Soderlund attends the Malibu Public Safety meetings and gives statistics on local crime. The stats have improved under his watch. 

“Year over year from 2023 compared to 2022, crime is down 1.7 percent overall in Malibu,” he said. “There was a significant reduction in grand thefts and petty thefts.”

“We’re rolling out our Real Time Disaster and Crime Center,” Soderlund reminded. The LASD initiative is a registry system where businesses and private residences can enroll their cameras into a system. If a crime occurs, LASD can pull up a map that indicates what cameras are registered in the area. Then through the registry messages are sent asking camera owners to check their feeds and upload suspicious footage. Those wishing to register their cameras can go to There is no cost and sharing does not mean the department will have access to your cameras.

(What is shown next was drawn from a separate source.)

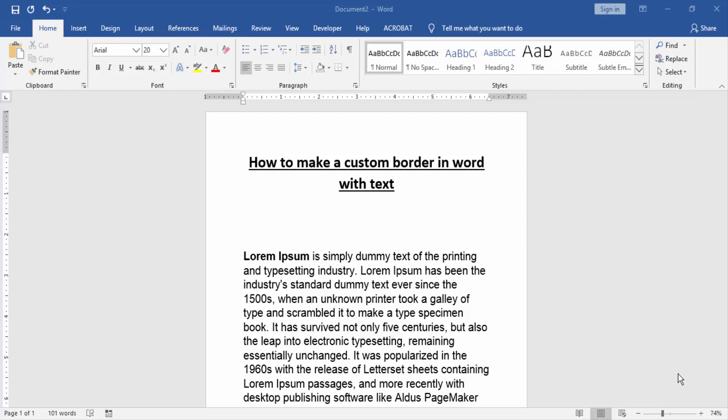Assalamualaikum, hello friends, how are you? Welcome back to our new video. In this video I am going to show you how to make a custom border in Word with text. Let's get started.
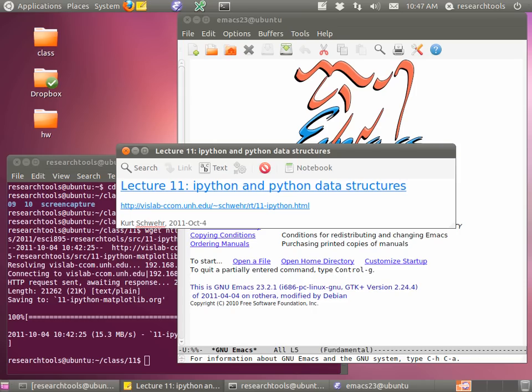We're going to be using the terminal a lot today. The way you've been working with split Emacs on one side and the terminal is actually a good idea. We're going to be doing terminal and Emacs together. For this one, I recommend using a regular terminal as opposed to the terminal inside of Emacs, but if you wanted to use either, it's fine.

“I think that the cooperation between the city, Sheriff’s Department and everybody involved in public agencies are working very effectively,” Soderlund stated. “I know sometimes there’s a lot of bureaucracy and red tape, but our captain, Jennifer Seetoo, she is an innovator who thinks outside the box. She is a real go-getter on trying to effect change as soon as possible. I’m following her lead. She is very determined and I think it shows in the collaboration between everybody. We are effecting change and so the credit has to go to everybody involved because without everybody’s participation and collaboration none of this could be possible. So, I’d like to thank everybody involved.”

And the Malibu liaison would encourage more people to get involved by becoming an LA County Sheriff’s deputy. The LASD Malibu substation, located at the Santa Monica College Malibu campus, is still not open due to staffing shortages. 

“We are actively hiring. If anyone wants to apply they can go online to,” Soderlund said. “Tell your family, tell your friends. It’s a great job. Great benefits, great pay and we need everybody we can.”